There are some titles that I have never held:
Davy, the Athlete.
Davy, the Macho.
Davy, the Dancer.
Davy, the Orator.
I’ve never held these titles because I am not those things. Definitely not.
But, recently, the Lord challenged me to take on, in my thoughts and speech, a title that DOES apply to me (and you) although I hesitated to take it on:
Davy, the Disciple Whom Jesus Loves
Reading the gospel of John with my friend Kenneth, I noticed how each time John referred to himself, he wrote “the disciple whom Jesus loved.” I don’t believe John thought that of himself that way because he thought he was so lovable…because his lovableness would change depending on his actions or attitude. John was “the disciple whom Jesus loved” because Jesus loved him. And that doesn’t change. So I am, and you are, the disciples whom Jesus loves. Because Jesus loves us. And thinking of ourselves that true way, can change us.
And a word about givers…
For four months now, we have consistently been supported in part by a group of 17 folks who prayerfully committed to give each month so we can train here. Four months ago, I had some unspoken fears that they might forget or think it not worthwhile to continue. But they haven’t. And I pray that the Father who uses their gifts to provide for us will take care of them in an obvious, over-and-abundant way in return for their kindness and obedience. Right now, they are planting and we are learning. I pray, that in time to come, we both see the fruit of what they’re sewing.

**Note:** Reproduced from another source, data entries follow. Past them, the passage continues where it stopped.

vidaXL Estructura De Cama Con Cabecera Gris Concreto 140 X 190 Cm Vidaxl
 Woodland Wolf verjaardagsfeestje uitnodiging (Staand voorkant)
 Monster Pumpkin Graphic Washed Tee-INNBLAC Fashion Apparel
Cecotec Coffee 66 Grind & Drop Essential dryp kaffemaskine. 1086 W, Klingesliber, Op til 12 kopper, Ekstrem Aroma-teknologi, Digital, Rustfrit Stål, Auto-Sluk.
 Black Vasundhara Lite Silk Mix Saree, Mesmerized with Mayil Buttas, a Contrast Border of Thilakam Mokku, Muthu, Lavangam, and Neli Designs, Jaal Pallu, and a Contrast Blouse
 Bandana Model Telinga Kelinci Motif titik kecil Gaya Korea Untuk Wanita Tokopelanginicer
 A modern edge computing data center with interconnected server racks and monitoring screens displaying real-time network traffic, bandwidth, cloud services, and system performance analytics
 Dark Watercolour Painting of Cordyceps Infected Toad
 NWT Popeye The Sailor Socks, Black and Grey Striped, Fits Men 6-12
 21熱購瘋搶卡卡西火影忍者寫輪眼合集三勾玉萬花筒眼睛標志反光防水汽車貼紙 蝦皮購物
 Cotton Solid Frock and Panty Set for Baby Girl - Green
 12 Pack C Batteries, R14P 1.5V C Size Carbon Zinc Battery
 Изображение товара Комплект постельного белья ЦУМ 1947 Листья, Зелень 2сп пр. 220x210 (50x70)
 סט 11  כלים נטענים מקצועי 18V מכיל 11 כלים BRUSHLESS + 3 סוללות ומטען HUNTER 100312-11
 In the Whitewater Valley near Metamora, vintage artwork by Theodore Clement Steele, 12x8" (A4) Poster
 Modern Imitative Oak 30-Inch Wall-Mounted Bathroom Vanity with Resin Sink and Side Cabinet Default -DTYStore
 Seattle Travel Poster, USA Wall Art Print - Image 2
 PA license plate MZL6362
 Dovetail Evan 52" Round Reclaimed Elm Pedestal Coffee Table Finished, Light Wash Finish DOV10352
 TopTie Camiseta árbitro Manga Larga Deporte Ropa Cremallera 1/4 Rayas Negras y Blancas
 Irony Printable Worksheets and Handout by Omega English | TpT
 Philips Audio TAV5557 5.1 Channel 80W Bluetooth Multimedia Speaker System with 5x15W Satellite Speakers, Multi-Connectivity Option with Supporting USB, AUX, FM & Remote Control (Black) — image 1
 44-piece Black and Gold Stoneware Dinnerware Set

And here ends the mixed basket of updates.
Thank you for praying with us and may God amaze you with the precision and timing of His provisions,
The Disciple Whom Jesus Loves (and the rest of the gang)
I just finished reading “The Practice of the Presence of God” by Brother Lawrence. His pure delight in God Himself reminded me of the life Christ started in me as a 15 year old.
I ate the Word, spent my days in peace and delight in Him, hoping for a chance to wait in a waiting room or drive a tractor or do some other monotonous activity so I could spend time doting on Him in my heart and mind. I would spend quite a lot of time praying and thanking Him and reading His Word. Then I might dance like an idiot for a few minutes just to give the excited happiness of being with Him somewhere to go.
Since then, my “maturity” and “experience” have stifled that simple, pleasant relationship. The conversations I start now are more about what He wants me to do or what my family needs than about how wonderful He is. Is it possible for Him to still provide and care for us and use us for His glory if I stop trying and thinking so hard and be like Mary at His feet?
I tell you, I loved that relationship I had with him at 15, 16, and 17. He did, too. And now, twenty years later — a wife, 5 kids, obediences and sins, faith and doubt, bills and fears — surely He hasn’t changed.